S'il est vrai que le chiffre d'affaires de 2012 de M. Y a fortement diminué en 2012 en comparaison des années précédentes, il n'est pas suffisamment prouvé par ce dernier que les différentes mises en demeure de la Cafpi qui lui ont été adressées à compter de septembre 2012 ont eu une incidence directe sur son activité et sont la cause de cette diminution. Il n'est pas non plus démontré que les demandes d'explications de la société Cafpi à la suite du courrier de leur partenaire du Crédit Agricole peuvent être qualifiées de comportement fautif pouvant engager sa responsabilité à l'encontre de M. Y en ayant constitué une atteinte à la réputation de ce dernier dans le milieu du courtage en région parisienne. La cour relève que M. Y a d'ailleurs pu remonter dès avril 2013 un cabinet de courtage au nom de XX à Paris 18e (Pièces 16 et 17 de Cafpi et conclusions de M. Y en page 17)

Le jugement de première instance sera donc confirmé en ce qu'il a débouté M. Y de ce chef de demande.

Sur les demandes au titre des contrats Vitae

Les premiers juges ont à bon droit rejeté la demande en paiement de M. Y de ce chef au motif que ces commissions étaient directement réglées par la société Vitae qui n'est pas dans la cause.

Sur les demandes reconventionnelles de la société Cafpi au titre de la violation de la clause de non-concurrence

La société Cafpi critique le jugement de première instance qui a rejeté sa demande en indemnisation pour violation par M. Y de la clause de non-concurrence prévue dans le contrat d'agent commercial après cessation du contrat.

La validité de cette clause contractuelle est remise en cause par M.Y qui sollicite la confirmation du jugement sur ce point.

Sur ce ;

L'article 5-3 al 2 du contrat prévoit que « l'agent commercial s'interdit également pendant une durée de deux ans après la cessation du présent contrat pour quelque cause que ce soit, dans un rayon de 100 kilomètres autour du secteur mentionné à l'article 3, de s'intéresser directement ou indirectement à des activités concurrentes de celles exploitées par le Mandant, et notamment d'accepter la représentation des produits et services d'une entreprise concurrente du Mandant, sur le territoire, pour les produits et services ainsi que la clientèle objet du présent contrat. »
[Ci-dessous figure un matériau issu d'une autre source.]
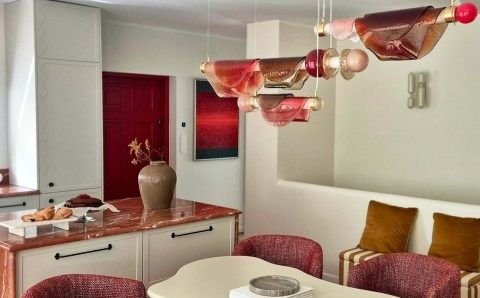 Wnętrze domu Soni Bohosiewicz, proj. Ola Ziarek, projekt lampy Spływające zegary - Edyta Barańska, Barańska Studio. Fot. Pietruszka Fotografia.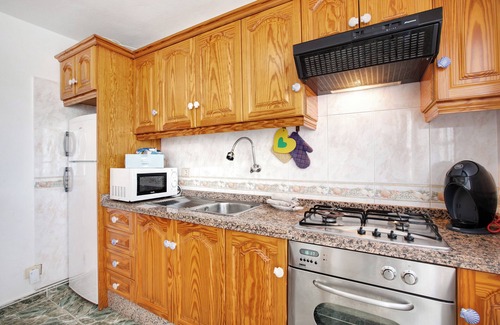 La Jaca Apartment | Vacation Home "Attico Drago" close to the Beach with Terrace & Wi-Fi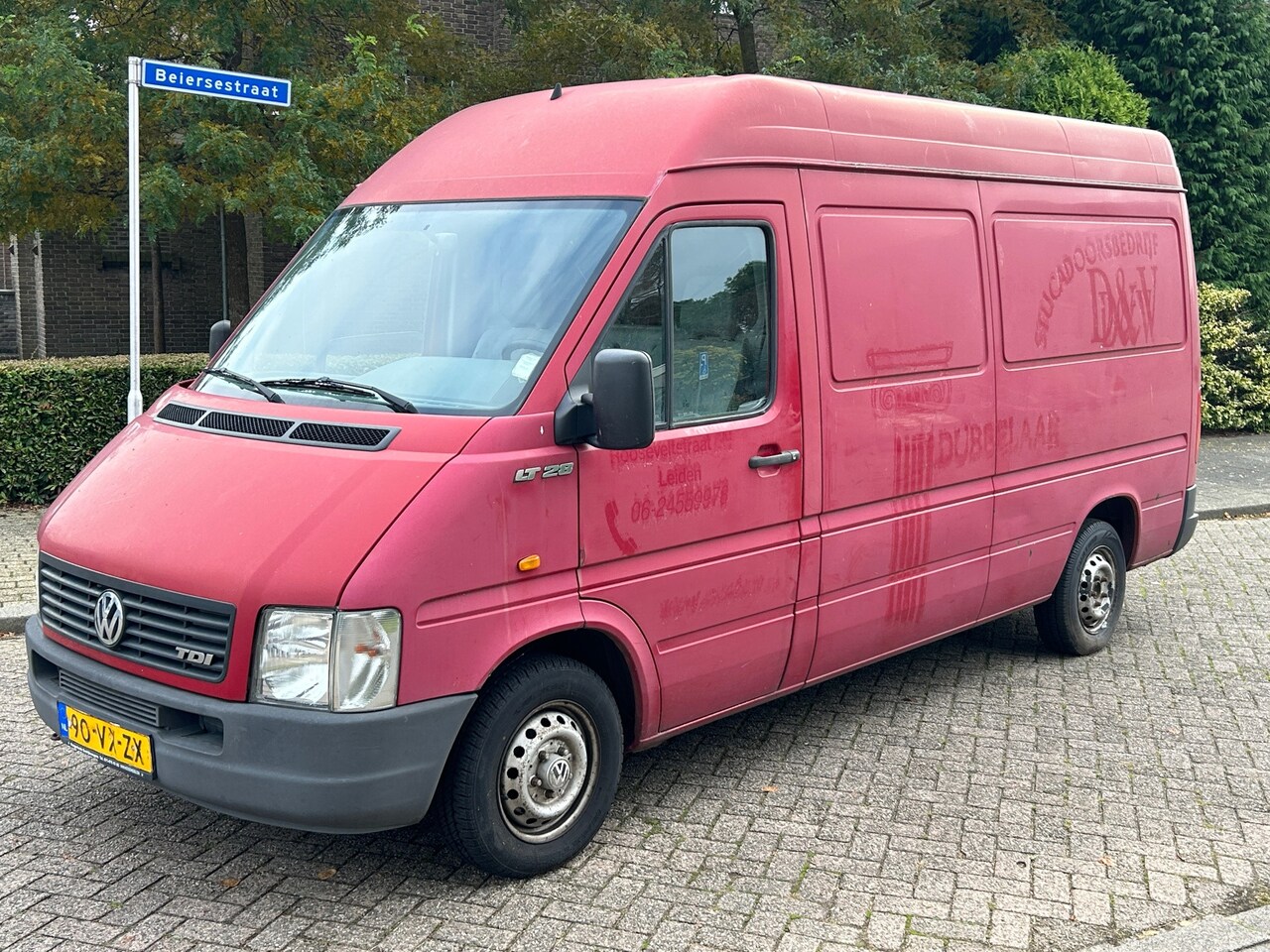 Volkswagen LT 28 - 2.5 TDI lang 2001 NAP Trekhaak! Veel ruimte! Goed rijdend! - AutoWereld.nl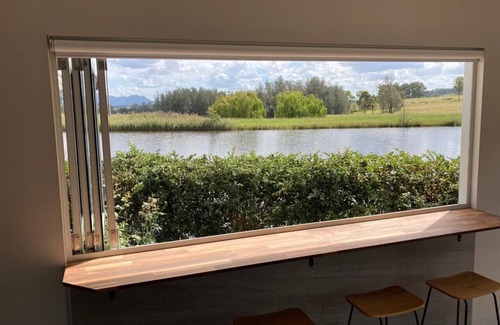 Lovedale House | Romantic lakehouse set in a private vineyard in the Hunter Valley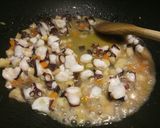 A picture of step 2 of Linguine con ragú di polpo e porcini.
Comme cela été relevé à bon escient dans le jugement de première instance, l'article 3 du contrat ne précise pas le secteur de M. Y mais il est constant qu'il s'agit de Paris 12e.
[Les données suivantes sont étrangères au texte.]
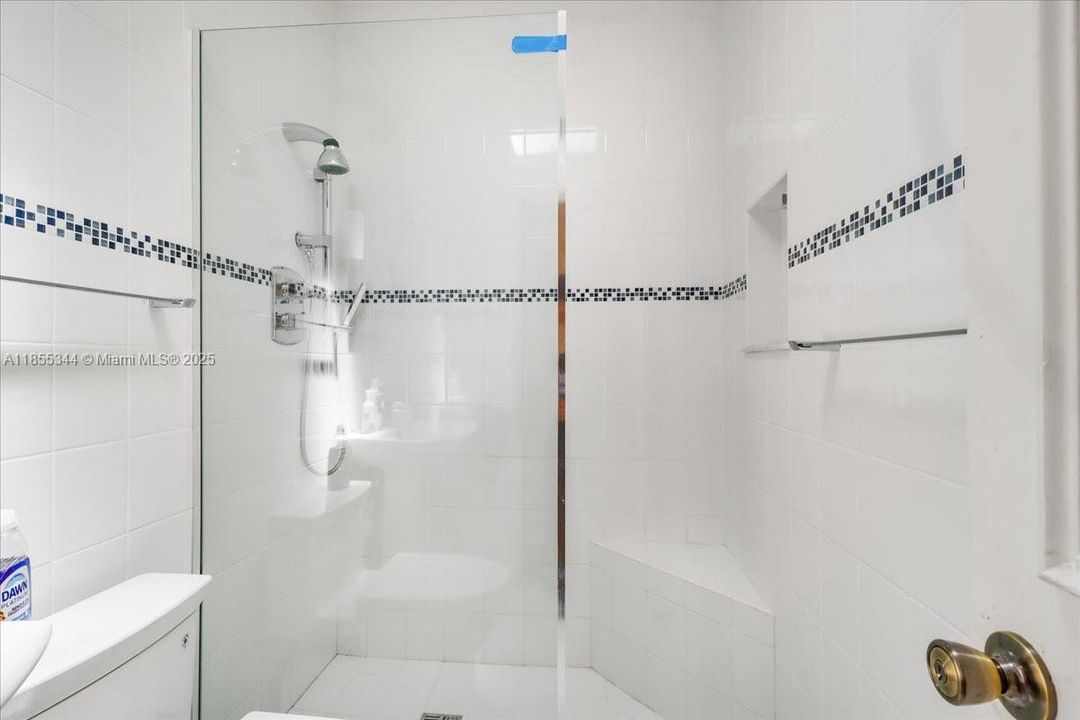 En Venta: $2,499,000 (3 camas, 2 baños, 5180 Pies cuadrados)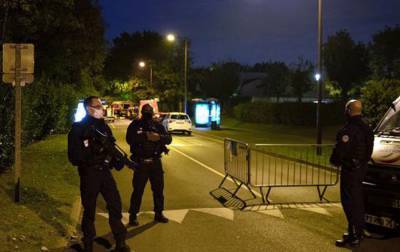 Во Франции по делу об убийстве учителя задержаны четыре человека
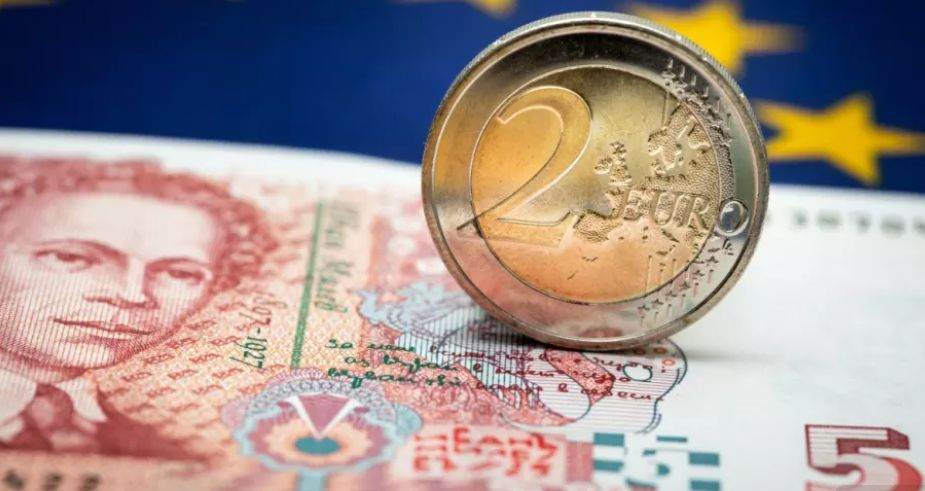 Край на мистерията: Ето кои велики българи ще греят на монетите от 1 и 2 евро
Or, le caractère indispensable à la protection des intérêts de Cafpi de cette clause de non-concurrence n'est pas démontré. Le périmètre de 100 kms autour de Paris 12e apparaît excessif alors que Cafpi détient un réseau dense d'une dizaine d'agences à Paris intramuros et que cette clause empêche l'agent de travailler pendant deux années sur l'entière région Ile de France, ce qui constitue une entrave à la liberté de travail et à la liberté de commerce disproportionnée car non justifiée par un intérêt légitime et nécessaire de Cafpi.
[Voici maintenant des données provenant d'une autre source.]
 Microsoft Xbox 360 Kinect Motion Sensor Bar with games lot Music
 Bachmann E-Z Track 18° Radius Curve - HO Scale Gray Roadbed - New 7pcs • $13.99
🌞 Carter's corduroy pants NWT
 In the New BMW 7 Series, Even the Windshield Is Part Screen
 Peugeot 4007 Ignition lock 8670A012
La clause prévue par l'alinéa 2 de l'article 5-3 du contrat d'agent commercial signé entre les parties sera donc réputée non écrite et la société Cafpi sera déboutée de ce chef de demande reconventionnelle.

Sur les frais et dépens

Le jugement du tribunal de commerce sera confirmé dans sa décision sur les frais et dépens de première instance.

La société Cafpi, succombant au principal dans son appel, supportera les entiers dépens et participera en outre à hauteur de la somme de 4.000 euros aux frais irrépétibles que M. Y a dû engager dans le cadre de cet appel.

PAR CES MOTIFS

La cour,

Statuant publiquement et contradictoirement,

CONFIRME le jugement entrepris dans toutes ses dispositions, excepté sur le rejet de la demande en paiement de l'indemnité compensatrice de préavis et sur le quantum des commissions restant dues à M. Y,

Statuant à nouveau de ces chefs infirmés,

CONDAMNE la société Cafpi à payer à M. Y les sommes de :

- 23 750 euros au titre de l'indemnisation compensatrice de préavis,

- 4 361 euros au titre des commissions restant dues,

Y ajoutant,

CONDAMNE la société Cafpi à payer à M. Y la somme de 4 000 euros, en application de l'article 700 du code de procédure civile ;

CONDAMNE la société Cafpi aux entiers dépens de l'appel.